• [TASK TO CARRY OUT]
Down to the final line, write out the material beneath exactly, without pictures.

• [DATASET SECTION]

-------------------------

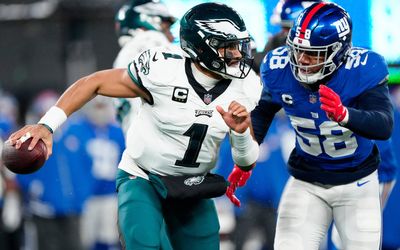 7 key offensive adjustments the Eagles have to make entering the playoffs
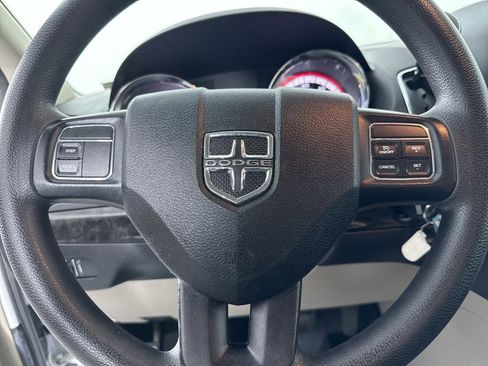 Used 2016 Dodge Grand Caravan SE w/ Quick Order Package 29E SE image 17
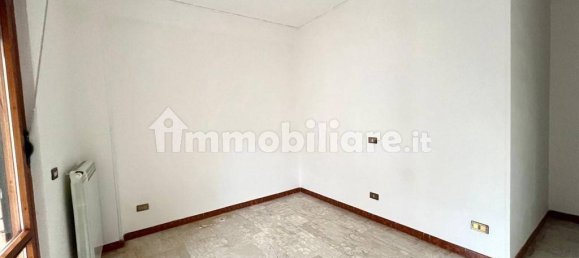 Apartamento de 3 dormitorios en Frosinone, Italy No. 51608 19
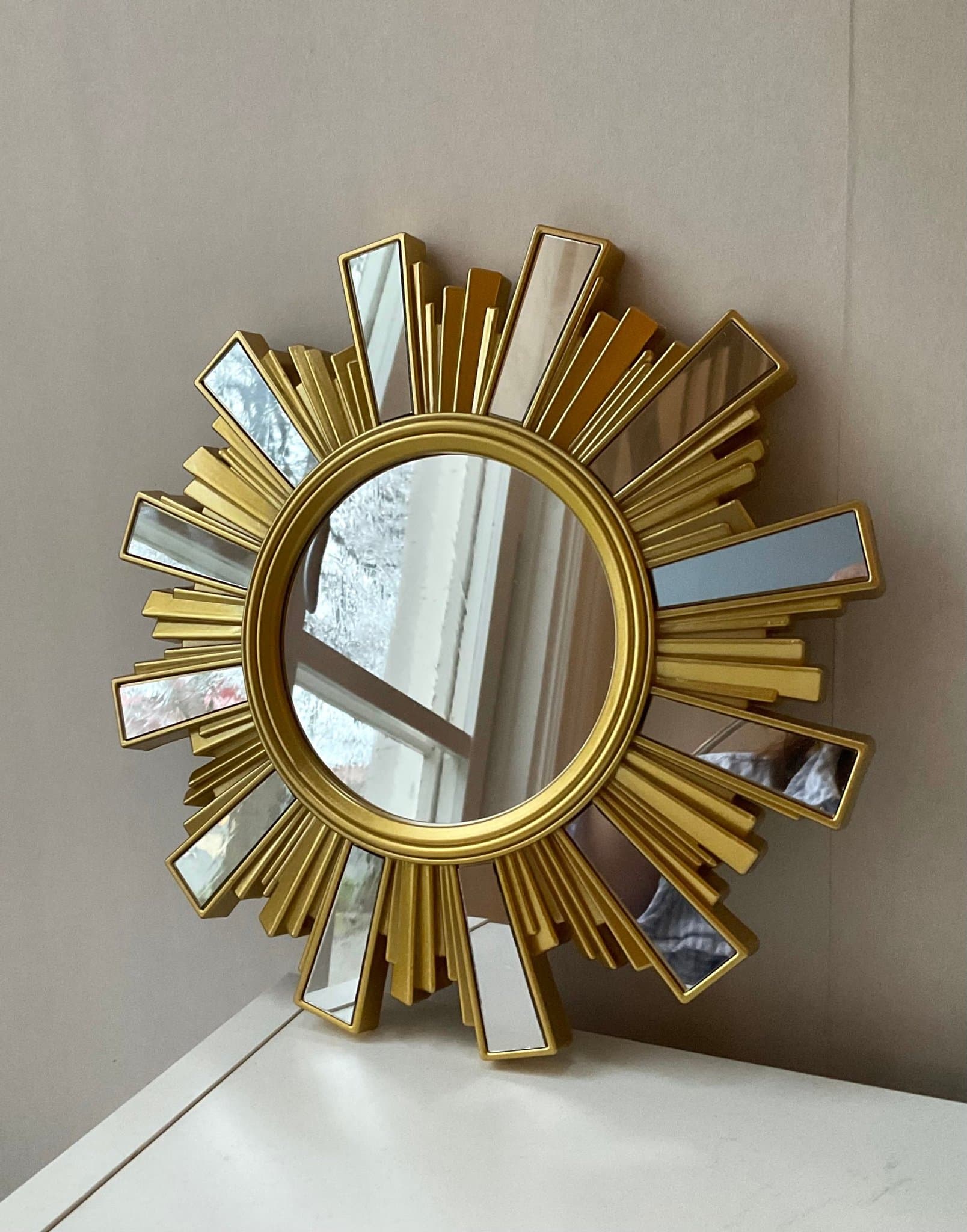 Vacker dekorativ Solspegel, Spegel, Guld, Sol, Väggspegel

-------------------------

• [TASK ANSWER]
 7 key offensive adjustments the Eagles have to make entering the playoffs
 Used 2016 Dodge Grand Caravan SE w/ Quick Order Package 29E SE image 17
 Apartamento de 3 dormitorios en Frosinone, Italy No. 51608 19
 Vacker dekorativ Solspegel, Spegel, Guld, Sol, Väggspegel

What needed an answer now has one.